I have no idea what you mean by this sentence. It makes no sense to me. What is forming an angle to the rail? Which rail?
 

Patrick Johnson

Fish of the Day
Silver Member
The standard for nine ball is around a half-ball hit so you can move the cue ball well in any direction off a cushion.

I am looking at a ball a couple inches off the rail a diamond and a half from the pocket. So it seems like a half ball hit would be coming in at about 30 degrees. Is that about right?
Oh, I think I get what you're saying now: a half ball hit is always a 30-degree cut to the pocket, but the CB's "natural" carom angle into the rail changes from shot to shot.

That's right of course - I think Bob means that a half ball hit gives the greatest ability to control/change the CB carom angle, into the rail or otherwise.

pj
chgo
 

skipbales

AzB Silver Member
Silver Member
I have no idea what you mean by this sentence.
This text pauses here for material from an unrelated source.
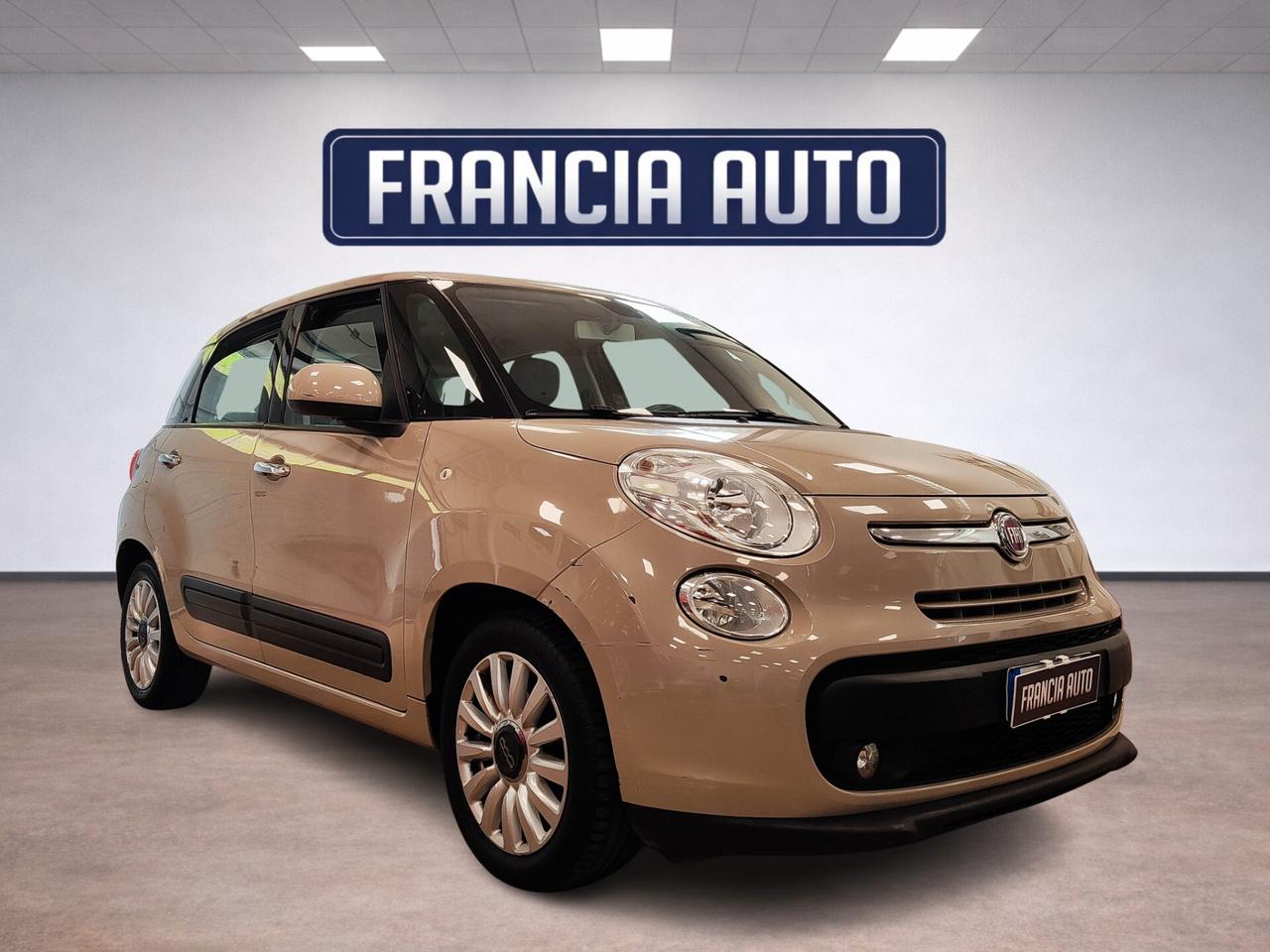 Fiat 500L 1.3 Multijet 95 cv -IN PREPARAZIONE-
It makes no sense to me. What is forming an angle to the rail? Which rail?

I probably wan't clear enough. I know I am wordy. :) The concept of a half ball hit changed the subject. Refer back to the exact setup and original question. Almost all of the options are at or near a half ball hit.

The question was on the set up shown what angle to the end rail makes position to the center of the table easiest to obtain. The balance is between steepness into the rail and spin required. As the cue ball moves closer to the end rail the angle to the rail decreases and top spin has a greater effect and side spin less effect. Of course at the same time the angle to pocket the ball changes as well. So the ball gets easier to pocket as the angle lessens until you are so straight in you can't spin there at all. As the angle increases the cut angle becomes greater and more side spin is required to move around the two rails and get to the middle until the cut angle is too great to make it even possible.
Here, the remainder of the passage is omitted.